Para que quienes venimos de América Latina, los Estados Unidos son sinónimo de éxito y dinero, pero además es un lugar en el que aparentemente todo es permitido –por lo menos en el imaginario del latinoamericano promedio-. Al ver los videos de sus artistas, sus películas, sus periódicos, no nos queda más que pensar que en la tierra del Tío Sam “todo vale”. Sin embargo si damos un salto al otro lado del gran charco, en la vieja Europa, nos encontramos con que la percepción que se tiene de los Estados Unidos es completamente distinta, para ellos se trata de una sociedad sumamente conservadora, especialmente con respecto al tema religioso.

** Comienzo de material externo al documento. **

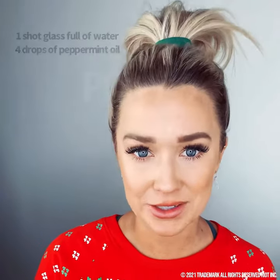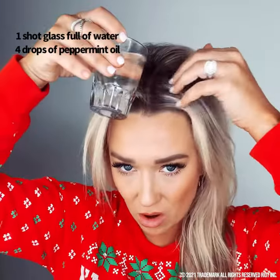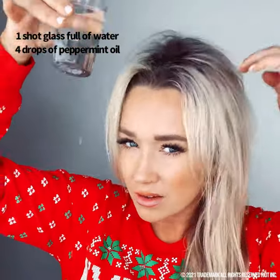Peppermint oil is great for helping balance the pH level of your scalp. So what I'm going to do is just kind of dump it on and massage it into my scalp. If you're feeling tingling sensations, that's because it's working.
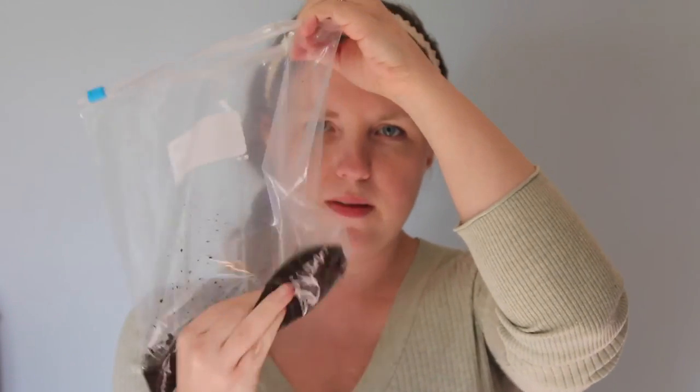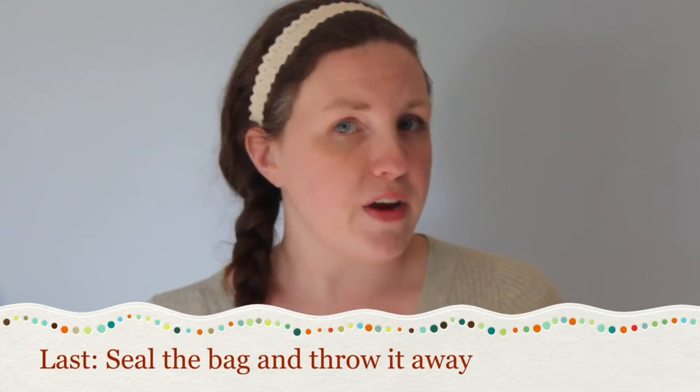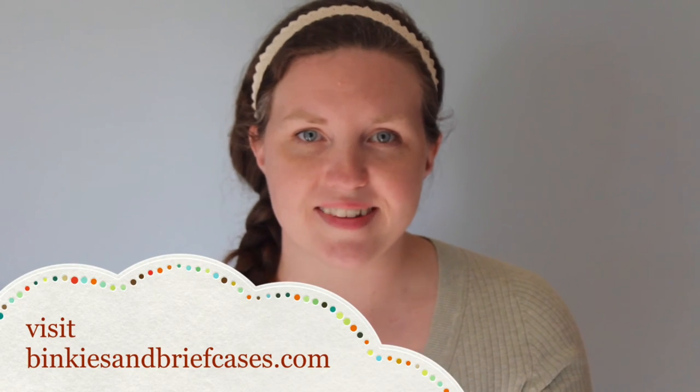Mix the pills down into the used coffee grounds, seal the bag, and throw it away in your regular household trash. And that's all you need to do to get rid of expired medicine sitting around in your medicine cabinet.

En Francia viven con orgullo el hecho de que a partir de la Revolución Francesa y bajo la influencia del Siglo de las Luces, la Religión y el Estado quedaron para siempre separados. Cada uno en el sitio que le corresponde sin mezclarse con el otro. “La hija mayor de la Iglesia” era la que le daba el golpe más duro desde la época de la Reforma Luteriana. Basta visitar las grandes iglesias francesas para reconocer el paso de los “revolucionarios”, que dejaron sin cabezas a las imágenes de ángeles y santos. Es célebre el recuerdo de las nuevas fiestas religiosas que se intentaron implantar, llegando al extremo de hacer bailar a una actriz disfrazada de la “Razón” en el altar de Notre Dame de París.

Durante la campaña presidencial norteamericana, los franceses no salían de su asombro al leer en las noticias la importancia que le daban los candidatos Obama y McCain al tema religioso. Ambos candidatos reconocían en público y sin ningún tipo de reparos su adhesión al cristianismo –cosa inimaginable en Francia- comentando con soltura sus costumbres de leer la Biblia (Obama) o de asistir a la Iglesia el domingo (McCain), sin contar además que uno de los encuentros más importantes que tuvieron ambos candidatos y que sin duda influyó en el voto de los ciudadanos estadounidenses fue cuando participaron en el forum organizado por uno de los pastores evangélicos más influyentes y populares de los Estados Unidos, Rick Warren.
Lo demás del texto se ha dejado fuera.